Industrial Cool and Comfort

When cooling large industrial facilities that have high heat loads, substantial gains in efficiency can often be achieved by taking a new look at existing technologies (see "Slower Fans for Lower Costs," p. 36) and strategies.

For example, lowering the entering condenser-water temperature (ECWT) to water-cooled chillers is a well-known strategy for reducing energy use. But successful implementation of this approach depends on a determination of the exact reset curve.

The Air-Conditioning and Refrigeration Institute (ARI) Standard 550/590-98 allows for lowering the ECWT—as a function of reduction in load on the chiller—by approximately 3°F per 10% reduction in chiller load, down to a minimum of 65°F. While this standard offers a good framework, it does not always supply the most energy-efficient solution.

The recent retrofit of a large industrial facility, for example, required an examination of the ARI reset schedule to determine whether it was actually the most energy efficient.
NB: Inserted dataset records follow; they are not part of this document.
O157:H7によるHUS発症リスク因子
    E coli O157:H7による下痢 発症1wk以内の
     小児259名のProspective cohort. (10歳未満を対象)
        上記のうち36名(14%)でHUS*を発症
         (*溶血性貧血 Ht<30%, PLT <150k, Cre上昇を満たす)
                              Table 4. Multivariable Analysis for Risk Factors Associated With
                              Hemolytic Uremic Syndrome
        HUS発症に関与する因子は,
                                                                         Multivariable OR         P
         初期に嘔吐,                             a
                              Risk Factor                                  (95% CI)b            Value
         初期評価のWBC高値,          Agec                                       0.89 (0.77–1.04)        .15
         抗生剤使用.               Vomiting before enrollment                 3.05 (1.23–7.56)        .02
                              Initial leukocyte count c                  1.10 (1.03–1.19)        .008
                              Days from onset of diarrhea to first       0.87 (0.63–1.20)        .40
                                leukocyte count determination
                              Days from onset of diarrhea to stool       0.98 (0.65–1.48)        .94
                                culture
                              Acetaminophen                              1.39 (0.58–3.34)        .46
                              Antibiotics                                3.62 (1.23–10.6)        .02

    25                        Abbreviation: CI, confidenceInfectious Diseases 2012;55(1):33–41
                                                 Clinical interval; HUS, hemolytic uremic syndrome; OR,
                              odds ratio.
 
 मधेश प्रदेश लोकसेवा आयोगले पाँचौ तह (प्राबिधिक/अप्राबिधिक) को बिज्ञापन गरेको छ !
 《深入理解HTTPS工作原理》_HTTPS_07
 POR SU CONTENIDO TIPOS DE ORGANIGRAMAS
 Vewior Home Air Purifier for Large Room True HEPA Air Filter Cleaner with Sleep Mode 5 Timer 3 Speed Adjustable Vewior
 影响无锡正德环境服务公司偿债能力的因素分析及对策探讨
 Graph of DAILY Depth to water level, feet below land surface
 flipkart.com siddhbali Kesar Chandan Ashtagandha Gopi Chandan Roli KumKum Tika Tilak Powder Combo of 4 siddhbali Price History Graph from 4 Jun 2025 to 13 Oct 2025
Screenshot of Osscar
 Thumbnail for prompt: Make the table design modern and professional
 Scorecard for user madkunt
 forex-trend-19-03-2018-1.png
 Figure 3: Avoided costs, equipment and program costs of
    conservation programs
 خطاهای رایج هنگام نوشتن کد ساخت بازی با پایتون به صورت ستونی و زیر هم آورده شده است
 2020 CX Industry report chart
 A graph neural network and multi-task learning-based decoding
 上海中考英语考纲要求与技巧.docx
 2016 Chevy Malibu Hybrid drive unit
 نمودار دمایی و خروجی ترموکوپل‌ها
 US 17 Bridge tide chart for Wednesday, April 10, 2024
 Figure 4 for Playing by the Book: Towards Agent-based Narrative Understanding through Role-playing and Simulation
The facility had a constant internal chiller heat load of 500 tons, which peaked at 2,600 tons in the summer. Existing capacity was multiple 1,400-ton chillers with inlet-vane control.

Because there were significant hours of chiller-plant operation at the 500-ton load point, the chiller manufacturer proposed a change to one of the chillers—providing a VFD-controlled 750-ton chiller, and reusing the existing 1,400-ton condenser barrel and chiller barrel. Obviously, a chiller operating at two-thirds load—a 750-ton chiller operating at a 500-ton load—is more efficient than a chiller operating at 35% load: i.e., a 1,400-ton chiller operating at the 500-ton load point.

In addition to the chiller conversion, the retrofit included fitting the cooling tower fans with variable-frequency drive (VFD) control. The chiller and cooling tower manufacturers—utilizing a design ECWT of 80ºF—provided mix-match curves for three load points: 400 tons, 700 tons and 1,200 tons.

Creating these mix-match curves required some coordination: For each load point, the chiller manufacturer determined the heat rejection and kilowatts-per-ton efficiency of the chiller. Armed with these data, mechanical system designers were then able to request the cooling tower vendor to determine the speed of the VFD that would handle this heat-rejection load. From the load calculations, the designing engineers knew the mean-coincident wet-bulb temperatures for each load point—information that was required by the cooling tower vendor to determine performance of the tower.

In addition to 80ºF, ECWTs of 75°F, 70°F, 65°F, 60°F and 55°F were evaluated, as well as the sum of the chiller-motor kW plus the cooling-tower motor kW. Load points for the 750-ton and 1,400-ton chillers at the different ECWT were studied and are plotted in Figure 1, p.34.

For the 1,400-ton chiller—when at the 1,200-ton load point and design outside-air (OA) wet-bulb temperature—the cooling tower was unable to provide water colder than 80°F, the original design point. When the same chiller was operated at the 700-ton load point, it was most efficient at an ECWT of 70°F. There is an asymptotic shape to the curve, with a minimum point of power consumption at 70°F. This power consumption is the sum of chiller motor energy plus cooling tower motor energy.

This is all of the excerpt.